Among the entries that follow, locate the line with "Combiné Agadir /" and the line with "Aldrans: A, bei". Output those lines and all lines in between, exactly, minus the pictures.

(Short text fragments from websites)

[Start of section]

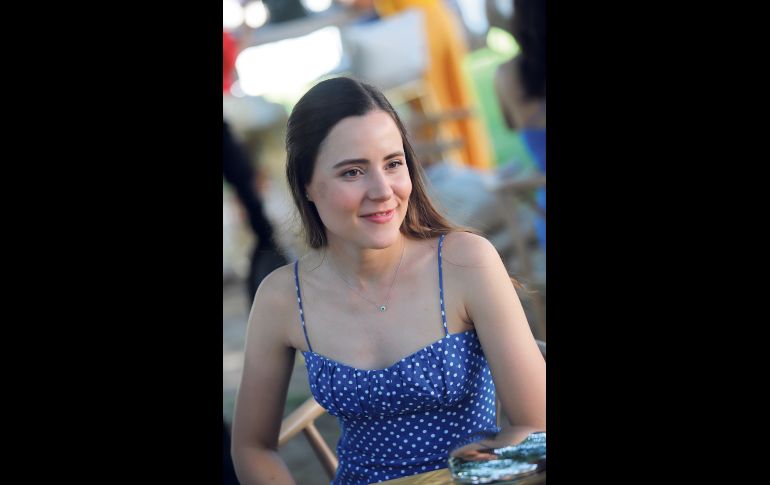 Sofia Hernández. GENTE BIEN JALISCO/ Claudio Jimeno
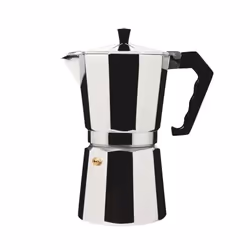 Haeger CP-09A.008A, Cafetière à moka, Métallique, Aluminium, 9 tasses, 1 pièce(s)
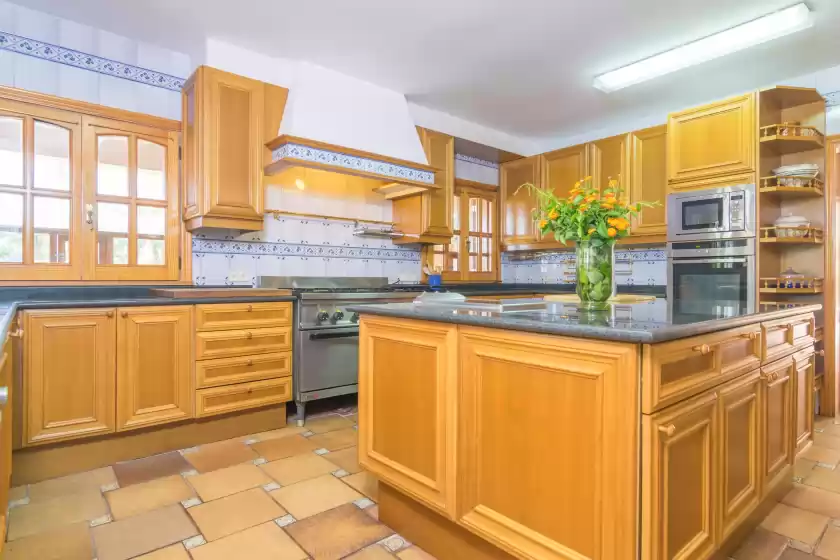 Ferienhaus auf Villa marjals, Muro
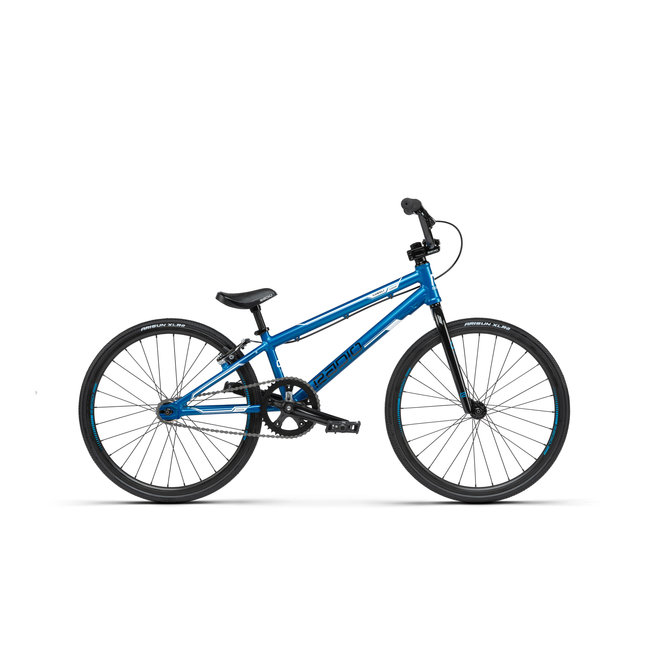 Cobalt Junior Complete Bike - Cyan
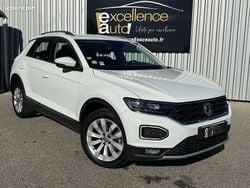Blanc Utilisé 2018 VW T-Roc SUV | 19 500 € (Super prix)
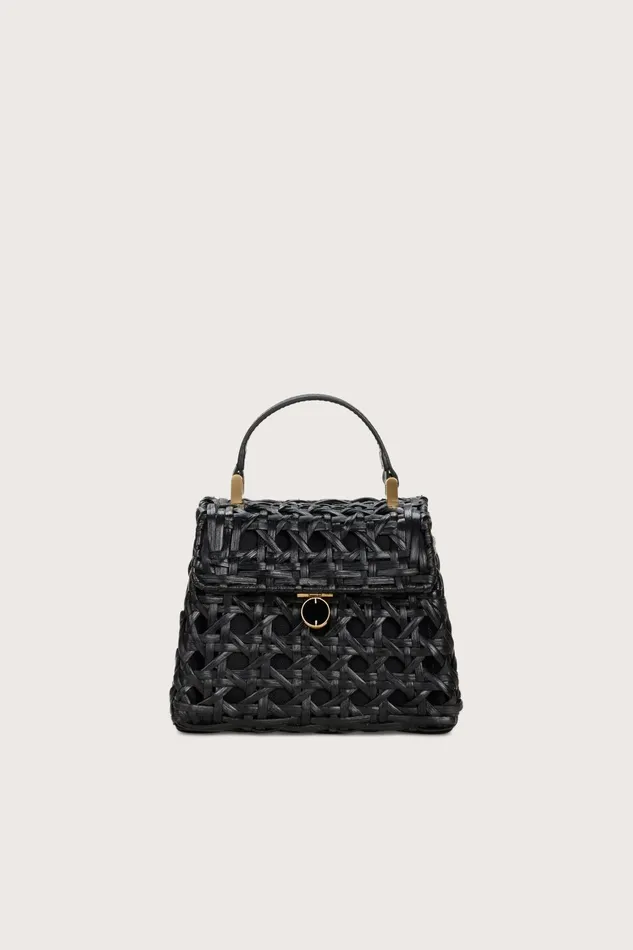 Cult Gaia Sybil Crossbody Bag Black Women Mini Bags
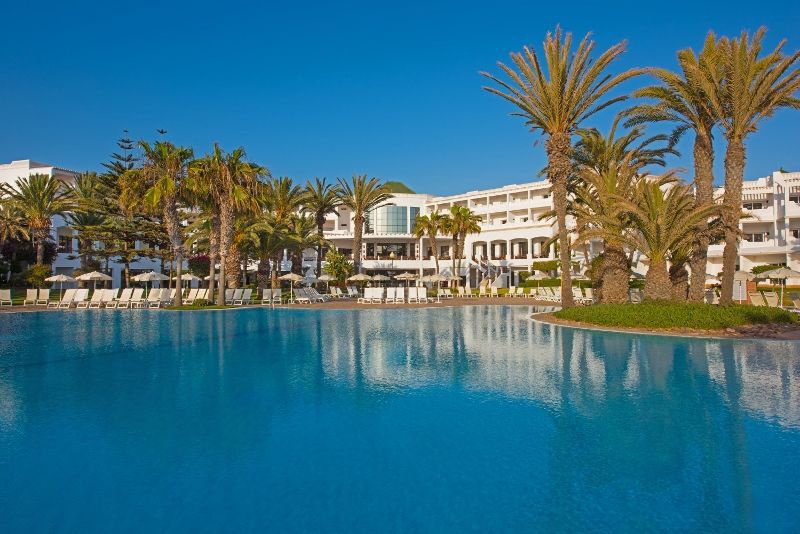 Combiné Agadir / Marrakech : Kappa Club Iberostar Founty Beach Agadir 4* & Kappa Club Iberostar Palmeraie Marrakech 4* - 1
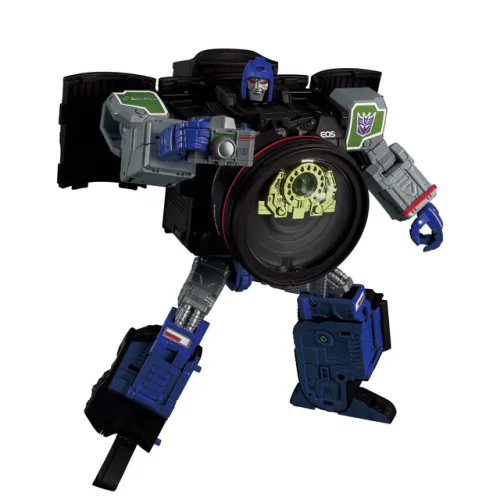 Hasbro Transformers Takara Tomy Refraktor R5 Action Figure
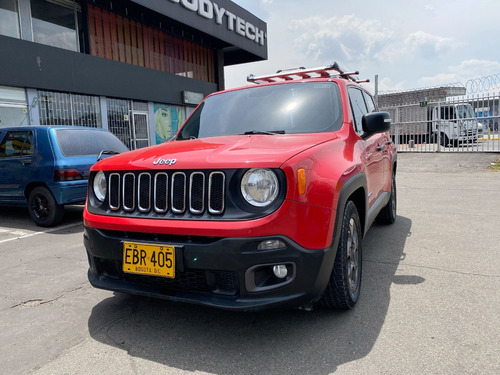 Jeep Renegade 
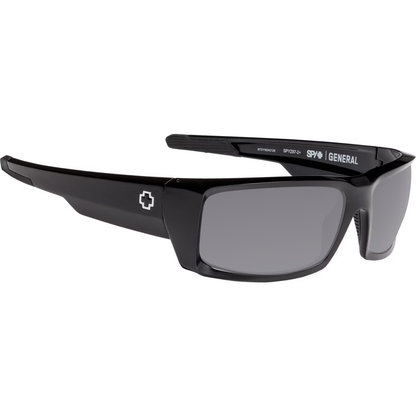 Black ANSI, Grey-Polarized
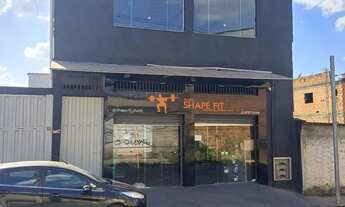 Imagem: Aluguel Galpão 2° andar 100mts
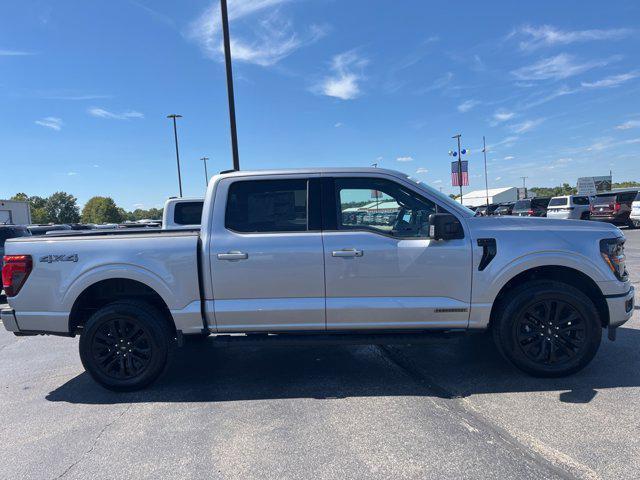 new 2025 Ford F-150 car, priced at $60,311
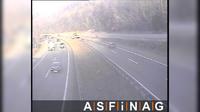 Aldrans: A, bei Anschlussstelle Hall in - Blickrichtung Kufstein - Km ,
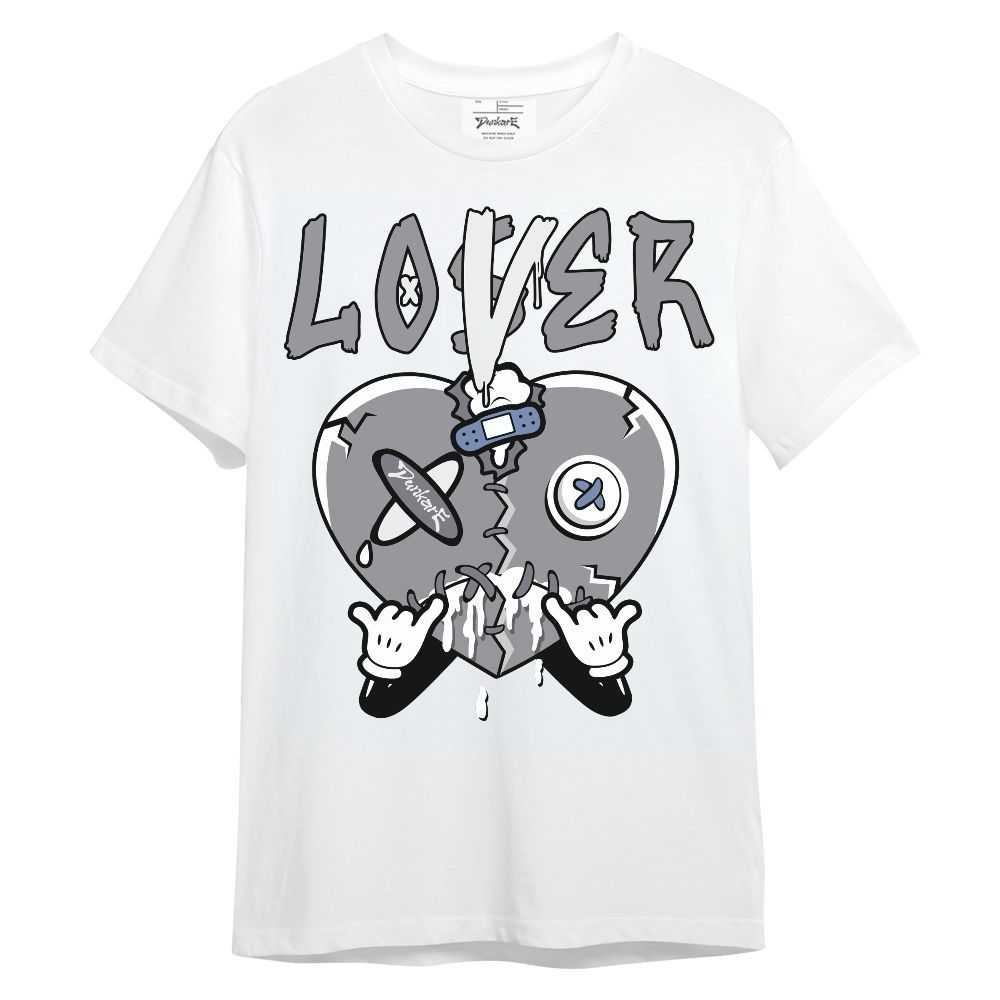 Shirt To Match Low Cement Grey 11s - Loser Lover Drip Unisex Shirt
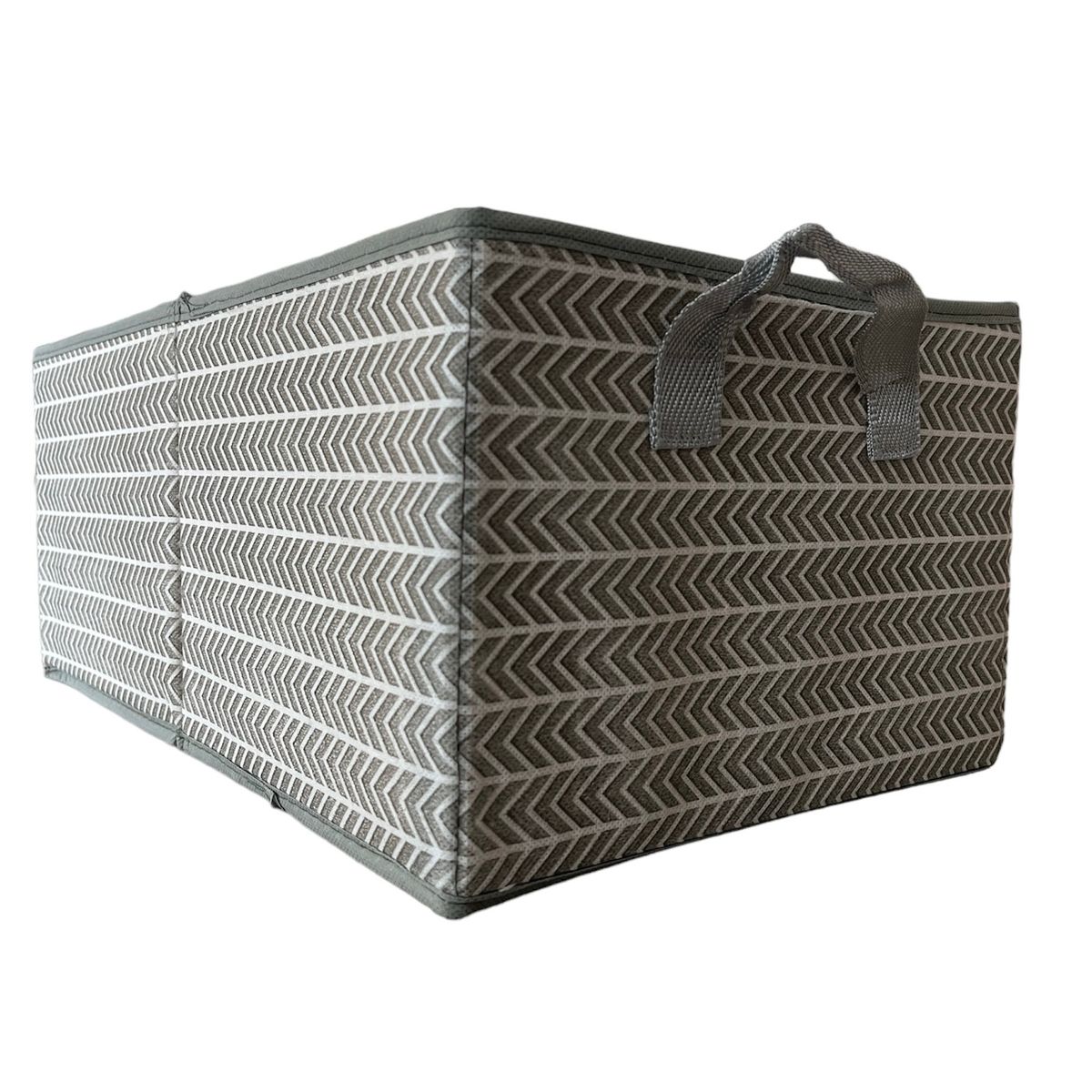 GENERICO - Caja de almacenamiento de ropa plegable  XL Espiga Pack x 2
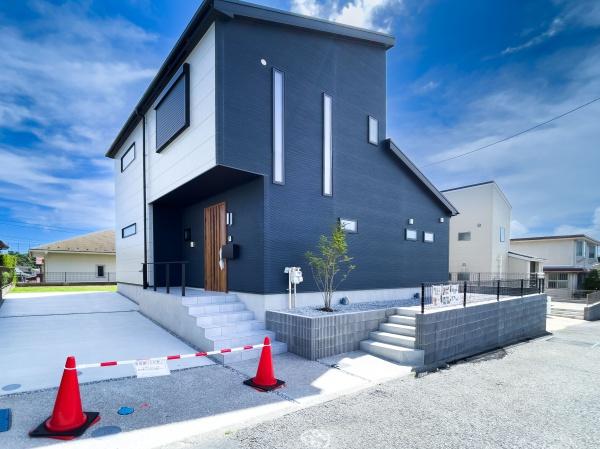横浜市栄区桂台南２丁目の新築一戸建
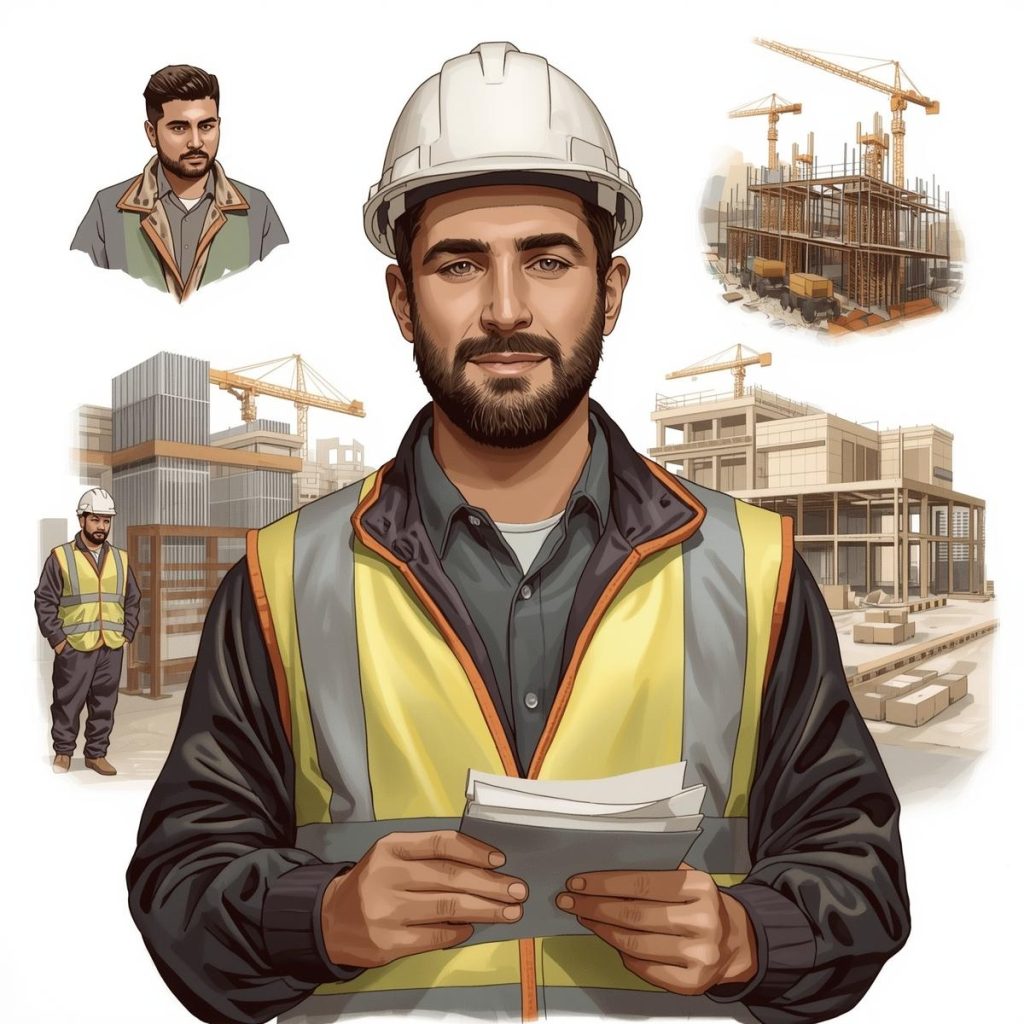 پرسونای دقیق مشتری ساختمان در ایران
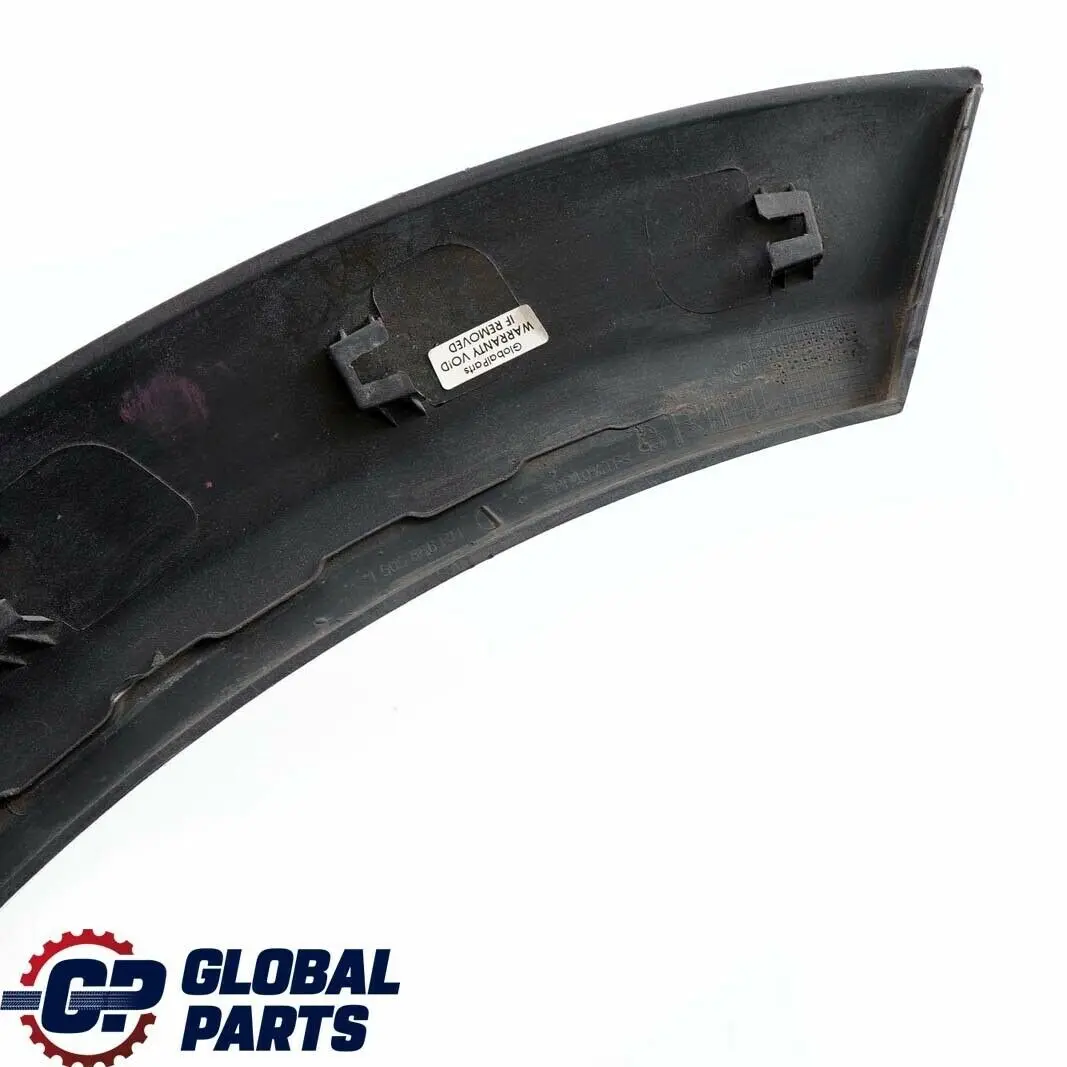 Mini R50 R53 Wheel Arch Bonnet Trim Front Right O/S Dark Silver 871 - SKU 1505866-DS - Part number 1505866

[End of section]

▸ Solved problem:
 Combiné Agadir / Marrakech : Kappa Club Iberostar Founty Beach Agadir 4* & Kappa Club Iberostar Palmeraie Marrakech 4* - 1
 Hasbro Transformers Takara Tomy Refraktor R5 Action Figure
 Jeep Renegade 
 Black ANSI, Grey-Polarized
 Imagem: Aluguel Galpão 2° andar 100mts
 new 2025 Ford F-150 car, priced at $60,311
 Aldrans: A, bei Anschlussstelle Hall in - Blickrichtung Kufstein - Km ,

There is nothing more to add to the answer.